■ What needs to be done: Retype, word for word, the line holding "Built on ServiceNow" and each line after it down to the end of the data; pictures are not copied.

■ Data excerpt:
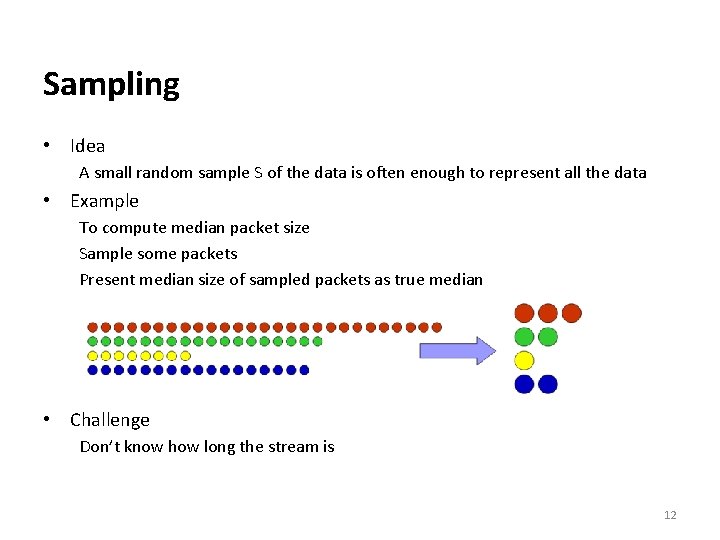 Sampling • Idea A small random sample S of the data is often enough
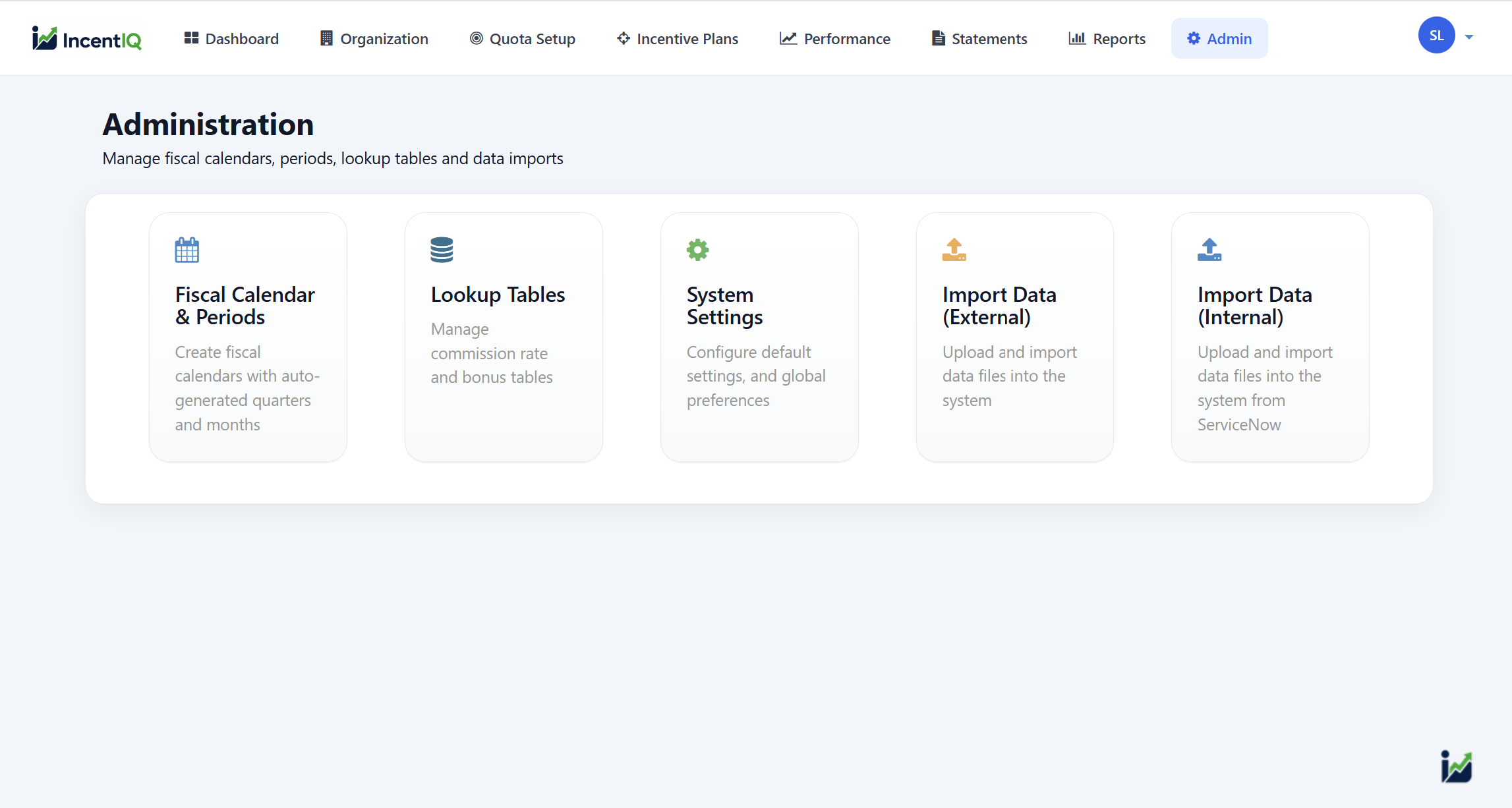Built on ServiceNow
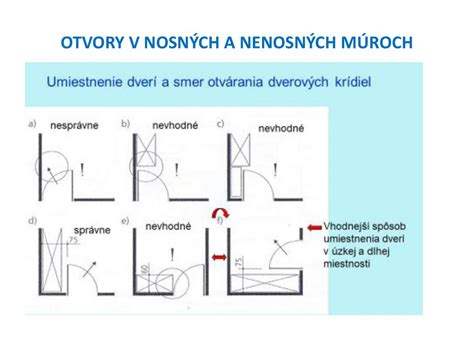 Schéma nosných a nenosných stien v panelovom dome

■ Answer space:
Built on ServiceNow
 Schéma nosných a nenosných stien v panelovom dome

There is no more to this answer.